We have all of this context seared into our brains but so many people don't.

The part that stands out to me is that they used a 2003 HBO Real Sports doc. That's 16 years ago. That's pre-Wellness Policy. That's before WWE started offing to send anyone who'd ever worked for them to rehab. That's before WWE made a point of having financial and health experts speak with their roster on a semi-regular basis. Hell, even the CM Punk stuff is more than a half decade ago. The company is seemingly a completely different place in 2019 when it comes to health and safety. That doesn't make his point that things could be better for wrestlers wrong, but it makes it seem like his information is a little outdated.

It's not a terrible segment, it's far from a hit piece, and he makes some good points. But it's very clear that he had a stance he wanted to take, and picked and chose portions of clips to support that stance without the surrounding context. The context is important because the first half is used to set up Vince as an asshole business owner (he flat out says it), and then he uses that point of view to make the rest of his point that he's screwing wrestlers.

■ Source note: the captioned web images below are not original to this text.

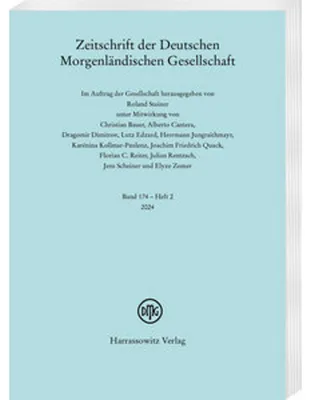 Obrázek produktu pro Zeitschrift der Deutschen Morgenländischen Gesellschaft 174 (2024) 2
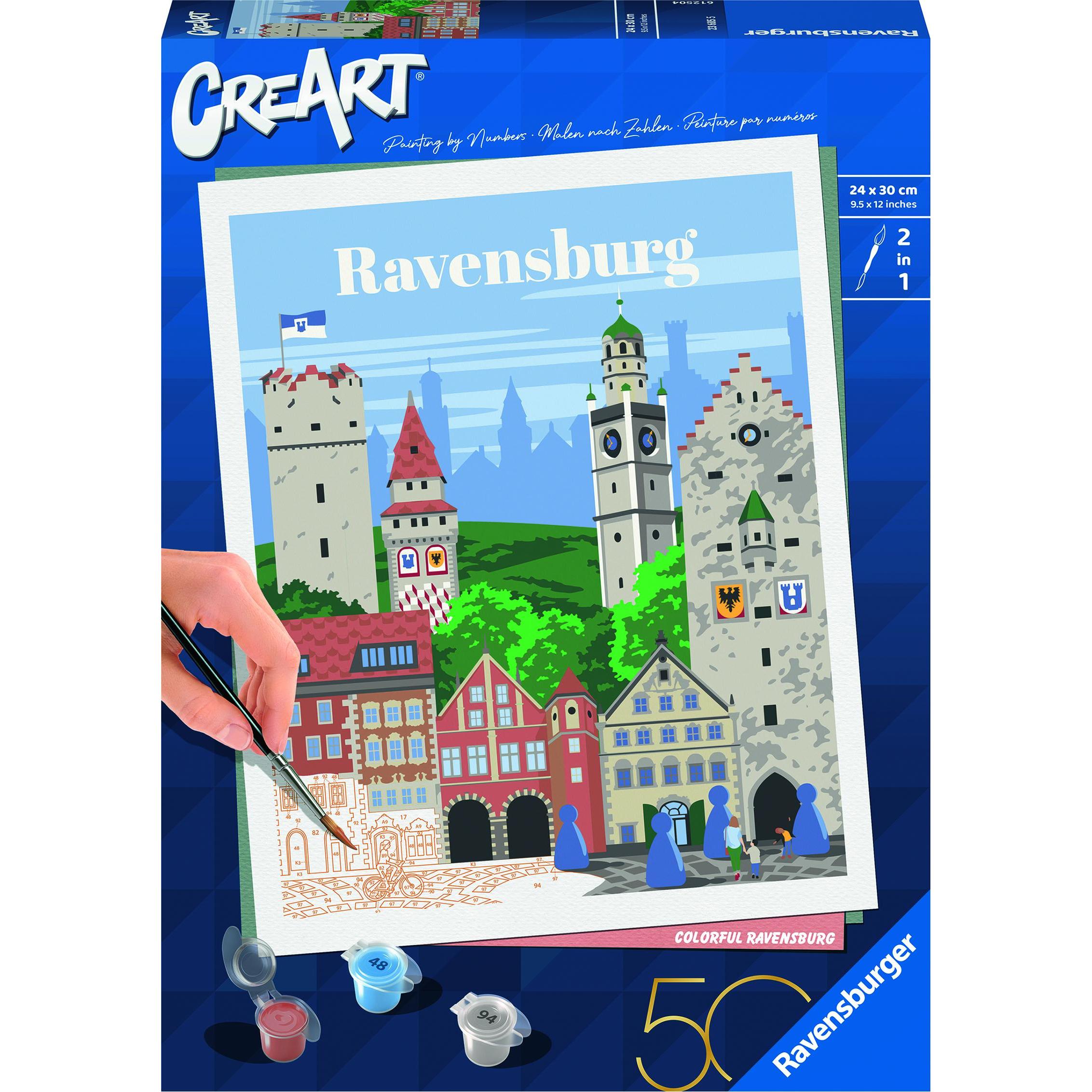 Thumbnail - Ravensburger CreArt - Malen nach Zahlen Colorful Ravensburg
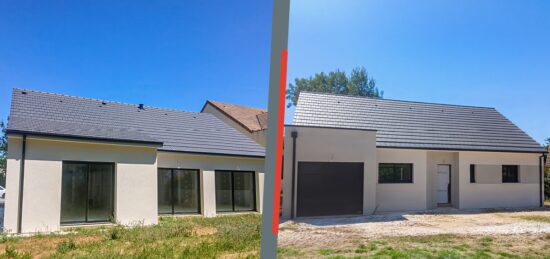 Une maison contemporaine de 110 m² de plain-pied à La Milesse (72) !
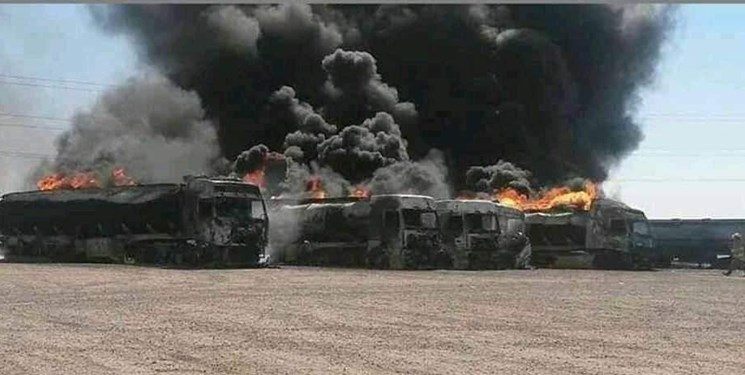 سوختن 5 میلیون دلار کالا در حادثه گمرک اسلام قلعه
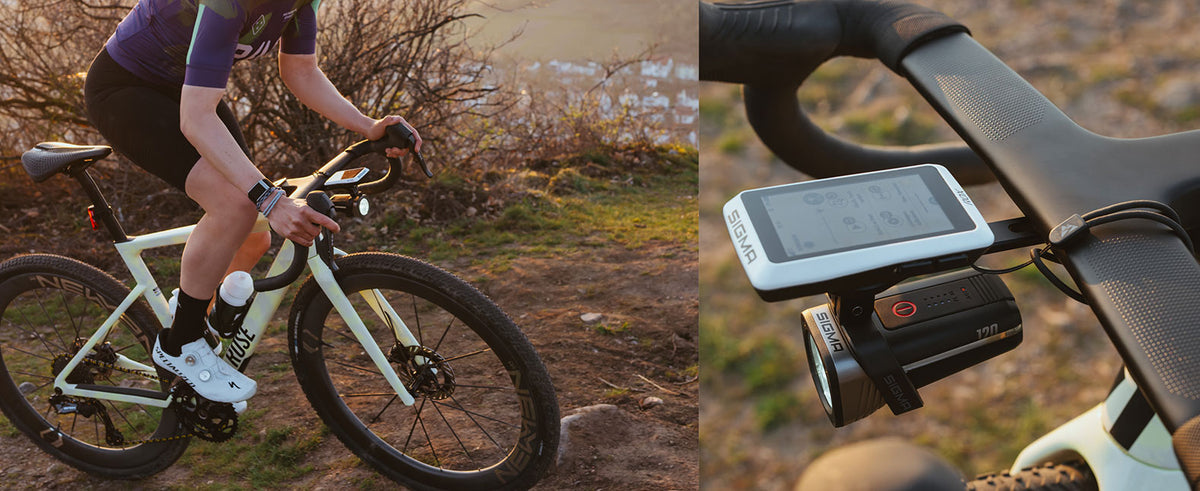 SIGMA AERO BUTLER GPS montato su un manubrio aerodinamico
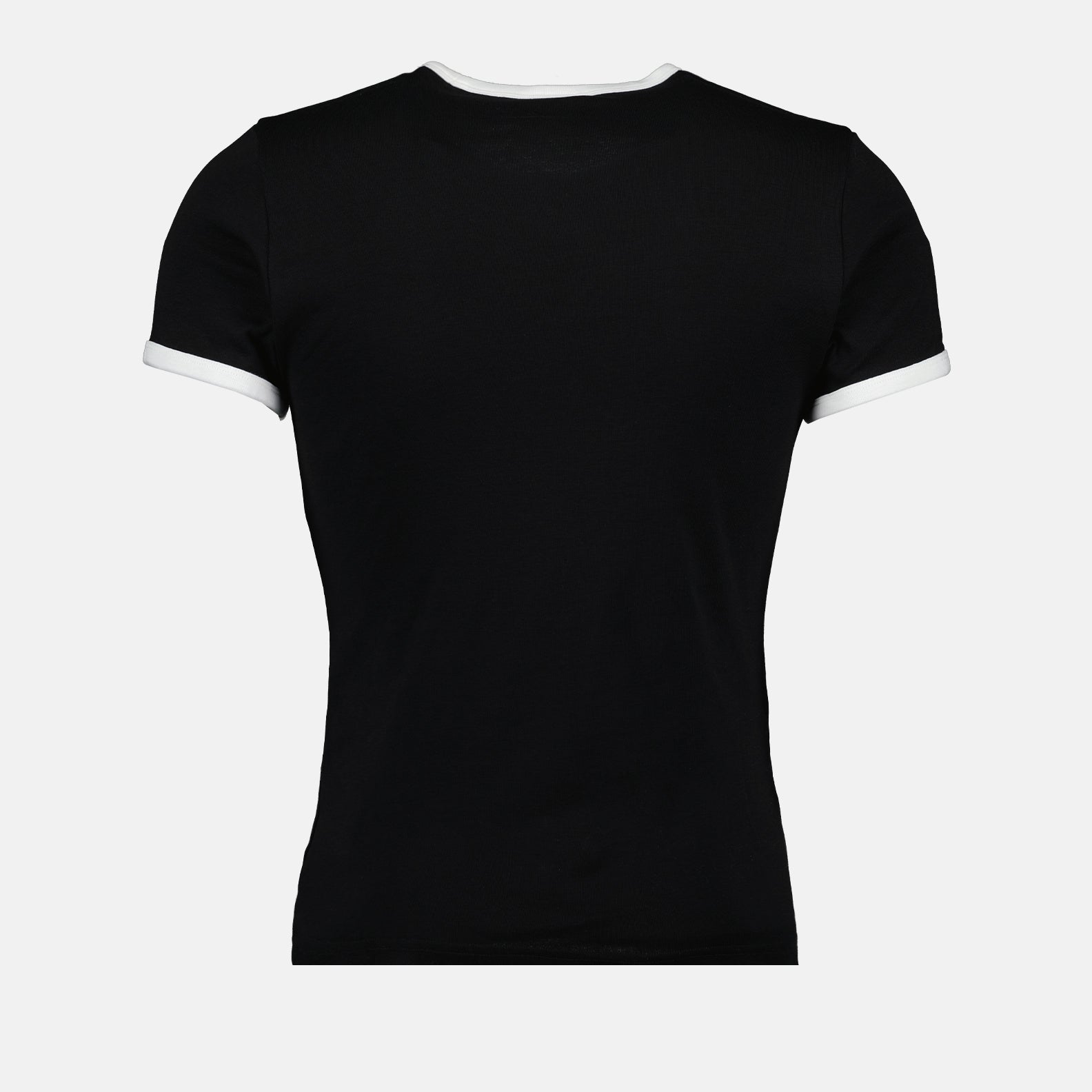 티셔츠 T-shirt contraste Réédition Courrèges 검은색 Homme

That context is important because the context takes the clips from "Owen Hart died while working for WWE and Bret says that they treat you like animals and put you down when your time is over," to "Bret was on the outs with the company and made those comments, a year later his brother died while working for WWE."

Again, it's not that bad. Ultimately it's a late night comedy news show host taking shots at something that he enjoys in order to hopefully help make the lives of those involved better. You can't fault the guy for that. I more or less agree with him that things could be better, but it's hard to say if the employee route is the answer.

Alan
04-07-2019, 10:57 AM
No context to the HBO documentary was given. You got a clip of McMahon being lashing out in frustration and becoming sarcastic during an interview. The missing context is that not 30 seconds later, McMahon states flat out that (at the time 16 years ago) the majority of those people had worked much of their careers for other companies as well and he admits that there was a time that wrestling was a rock and roll lifestyle. What he also leaves out is that the entire Real Sports documentary took the perspective that the wrestling business with stupid at best, evil at worst and that WWE agreed to let Vince do the interview (knowing that they'd be coming in to try and make him look as bad as possible) because they knew that if they didn't they'd have no input and HBO would go out of their way to make them look worse.

It's funny you mention that. Someone out there actually excavated clips of Meltzer's old call-in radio show from those years (early 2000s) and Meltzer (and various callers) discussed that appearance, and also Vince's equally astonishing interview with Bob Costas (where Vince also acted like a buffoon), and Meltzer basically said then that Vince looks so bad, and doesn't even realize it. In Meltzer's review of the Oliver clip a few days ago, he mentioned that he thought at the time that it was a very bad look for Vince, and watching it again, he still thinks it's a bad look.

I don't think adding more context to the situation would have made Vince look any better or more understandable. He acted petulantly and badly, and that was apparently the perception back then, among wrestling fans, as well as the mainstream media, and it still is today.

The reporter was calm, and asked a pretty obvious question, that any reporter worth two cents would ask in any industry with similar circumstances if he were interviewing a CEO. It was a total layup that every scumbag CEO (who has maintained bad working conditions and denied his workers benefits) in such a situation would probably respond to with some per-rehearsed moralistic claptrap nonsense about 'personal responsibility'. Instead Vince acted like a clown, showing no appreciation or awareness of the seriousness of the circumstances. In fact, in any other publicly traded company, this would probably be a big scandal and the CEO would probably have to make a public apology, and possibly even resign, but because it's wrestling, which is viewed as beneath contempt by serious people, it didn't turn into a major scandal.